La notion de temps est primordiale. Il faut du temps pour prendre en compte l’histoire interne des réseaux et des partenariats et ainsi gagner en efficacité. La réussite dépend pour une part capitale de la bonne circulation des informations dans les réseaux. L’Institution peut améliorer sa capacité à penser les réseaux, à les accepter, à reconnaître leurs compétences et à leur laisser, sans précipitation, le temps d’élaborer, et de construire. 

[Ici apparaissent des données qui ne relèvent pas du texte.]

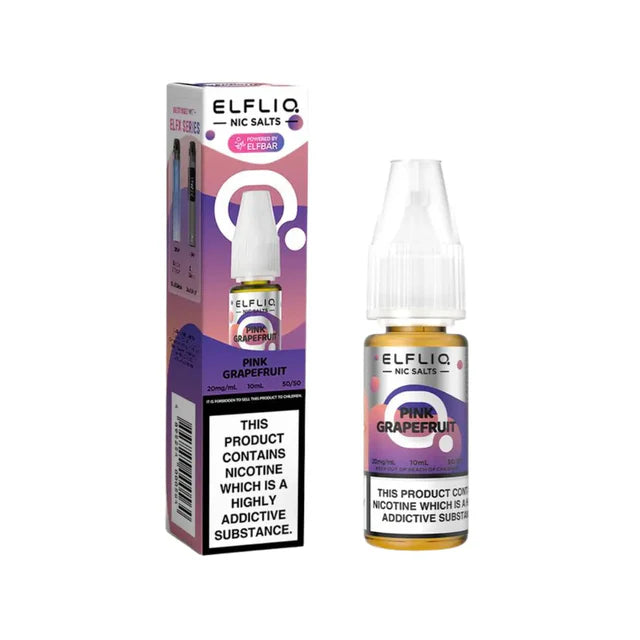 Elf Liq Nic Salts 10mg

- Cesser l’empilement des dispositifs et accepter les conséquences d’une politique éducative territorialisée ; Cela suppose une volonté de mise en cohérence. Les co - pilotages facilitent l’élaboration de diagnostics concertés, la création de projets communs. Outre la mise en synergie que ce type d’action représente, cela permet aussi de faire tomber les méfiances réciproques.

Une stabilité des personnels est alors requise. Les nouvelles fonctions mettent en exergue de nouvelles missions pour les équipes éducatives. Ces évolutions sont très récentes, il faut accepter de leur laisser le temps d’évoluer, avec un souci de convergence et de continuité pédagogique. Le sens collectif doit permettre de sortir du concept de métiers individuels. Dans les établissements scolaires les pratiques pédagogiques sont à penser en fonction de réflexion collective avec accompagnement par l’équipe de direction et les inspecteurs.

- La confiance doit s’exercer aussi à l’égard des élèves : valoriser leurs réalisations, leurs engagements à l’école et en dehors, est essentiel et doit leur permettre de se réaliser.

Une exigence forte de formation : dernier point mais pas le plus négligeable, les futures ESPE doivent en tenir compte et proposer une véritable professionnalisation du métier. « Apprendre à apprendre dans différents contextes ».

Par ailleurs, sur le terrain, une formation continue conjointe aux acteurs éducatifs doit accompagner tous les dispositifs d’éducation prioritaire. N’oublions pas que les élèves doivent trouver un sens commun, des exigences semblables mais aussi une reconnaissance de ce qu’ils sont dans leur parcours : une intelligence collective peut émerger si on accepte une fois pour toutes de reconnaître aux familles et à leurs enfants une égale dignité.